The weather is absolutely beautiful again today: sunny, warm, near 80 and breezy. I awoke at six this morning thinking that today I would like to smell some flowers. It took me half the day, but I finally went out to the porch, from where I can smell the tea olive (does that thing ever stop blooming?) while I wrote two more pages on the new story. Then I went out to photograph the camellias, which unlike any camellia I had ever known, have a scent that reminds me of my great grandmother who grew camellias.
It should turn cold again by Saturday. I'm glad I'm headed for the Caribbean. Unless I could have some serious winter (like a snowstorm in Lednice), I would be perfectly content with this constant Spring, with or without the flowers.

Monday, December 10, 2007

The Church of Christ Without Church


I took my packages to one of the smaller Post Offices around here today so I could treat myself to a little scenery and to evaluate the incompetence of US Postal workers at another location. I wasn't disappointed by either the scenery or the people in the post office. First, the Postmaster (a salaried federal employee with an average pay of more than $60,000 per year) demonstrated both her ignorance of geography and her inability to pronounce 'Czech', by pointing and asking, "Where is that?", with a look on her face that belied her hearfelt conviction that nowhere is as clean and sweet-smelling as America, " Russia?" I opened my mouth to explain, then thought better of it. After all, I needed my package to get to Lenka safe and sound. When a regular customer came in, the Postmaster and she (a Briton, no less) began to expound upon the many virtues of real torture for people in prisons and to complain about the cushy lives prisoners 'enjoy' at public expense. After listening to this for as long as I could, I asked them if either of them had ever toured a prison or known anyone who had done time in one. "Noo," they both answered, the stench of my knowledge of such things flaring their nostrils. (Criminals, foreigners, and the people who know them all smell bad, apparently). I admit that I should have kept my mouth shut, but when have I ever been good at that? I pointed out the lower recidivism rates in prison systems that educate, counsel and train the incarcerated, and that the fact is that prison inmates do not get three square meals and a cot in a climate controlled room with cable TV. Of course, they didn't buy it. I wish I had the courage at such times to ask "what would Jesus do?" and to ask if they are aware of any teaching of Christ which sanctions punishment, to tell them about my church, the Church of Christ without Church just to watch them gawk. They wouldn't be listening to really hear the name of it. Me and Hazel Motes. Fine company I have put myself in. We're preaching to the masses, who wear their church on their cars and their faith in their mouths.

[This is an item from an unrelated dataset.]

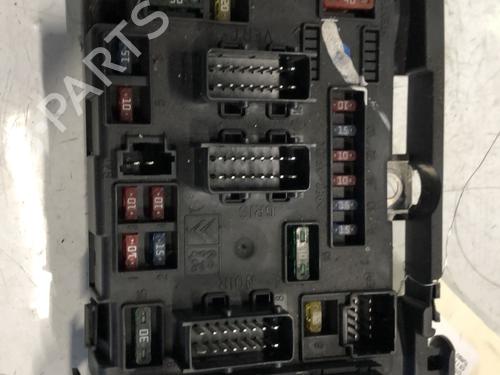 Used Fuse box Fuse box CITROËN C5 I (DC_) 2.0 HDi (DCRHZB, DCRHZE) (109 hp) 34300266 34300266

Wednesday, December 5, 2007

Absit Omen


Tomorrow is a big BYOA art show and sale, and not only have I not made anything for it, but I haven't really felt like looking at what I have already that I could take. I have started a new story, a complete departure from my earlier ones, and though it is already ten pages from the first draft at the first sitting, it too isn't finished. I hope this is just a function of my mood this week. It's cold and dreary, and without snow or sunshine, I am loathe to get much accomplished.
We will leave for a cruise in a week, so I have been mostly focused on the planning and packing for that. I really need to get back to my Spanish. I have enough to converse and to learn more without relying on English at all. I am disappointed in my progess. I started in April, took a break from it from June to late September, and have been less than consicientious for the last couple of weeks. Perhaps it is my lack of discipline that I should be put out with. I think the trip to Mexico will be great motivation for getting back to it. Nothing like using a foreign language in a foreign country to get me motivated.
I have at least managed to cook this week. One day was a nice Chinese noodle dish which is so easy that I don't know why I don't make it more often. Mexican yesterday. Tomorrow, maybe a roast or Osso Buco, something that will take the chill off the kitchen and our moods while it's cooking.